Aceitarmos o que somos, quem somos, percebermos qual o nosso papel neste mundo, os nossos limites, o que nos acontece e o que esperam de nós já é difícil quanto baste quando aqueles que nos devem amar acima de tudo são um porto de abrigo, uma âncora a que nos podemos agarrar para manter a nossa sanidade e estabilidade; quanto mais quando aqueles que deveriam cuidar de nós, colocando-nos em primeiro lugar, aceitando o que somos, amando-nos são desequilibrados e vivem numa qualquer distopia narcisista onde procuram ser o sol na vida daqueles que trazem ao mundo.

O meu colega não teve uma mãe que lhe moldou a vida; teve uma mãe que o abandonou e um pai que tentou cuidar de tudo, e isso moldou-lhe a vida, moldou-lhe o rumo da juventude, obrigando-o a ser pai de irmãos e não saborear da proteçao paternal que todos deveriamos ter à partida...

Quantos dos nossos traumas, manias, vícios não são já uma herança familiar que carregamos de forma inconsciente? Quanto de nós não é moldado pela programação que trazemos e que, nem sempre, conseguimos controlar sem ajuda?
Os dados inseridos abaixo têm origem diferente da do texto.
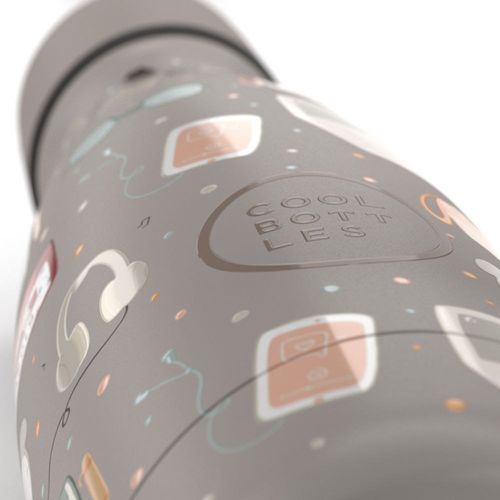 Cool Bottles Butelka termiczna Kids 260 ml Triple cool Must Have na Arena.pl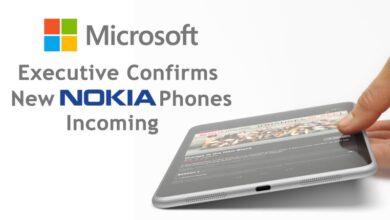 Microsoft Executive Confirms New Nokia Phones Incoming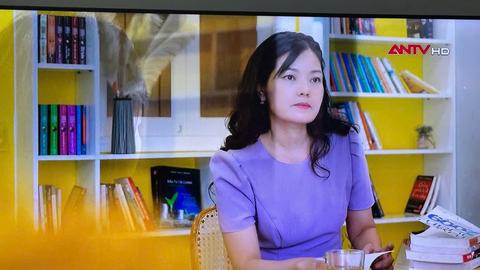 Nhà văn Đoàn Thị Phương Nhung - người kể chuyện tình của thời mình sống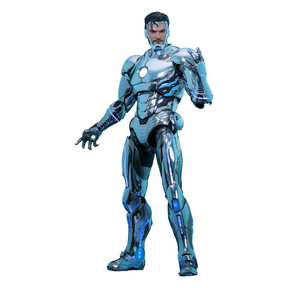 Superior Iron Man Diecast Masterpiece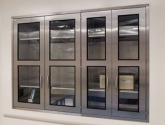 Stainless Steel Storage Cabinets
Não tenho por hábito partilhar por aqui a minha opinião sobre os livros que leio (apenas pequenos pensamentos que retiro de cada um), mas  recomendo a leitura do livro, mesmo que não queiram fazer qualquer reflexão. É simples e de leitura rápida, excelente para um domingo de chuva, embrulhados no sofá com uma mantinha e uma caneca de chá.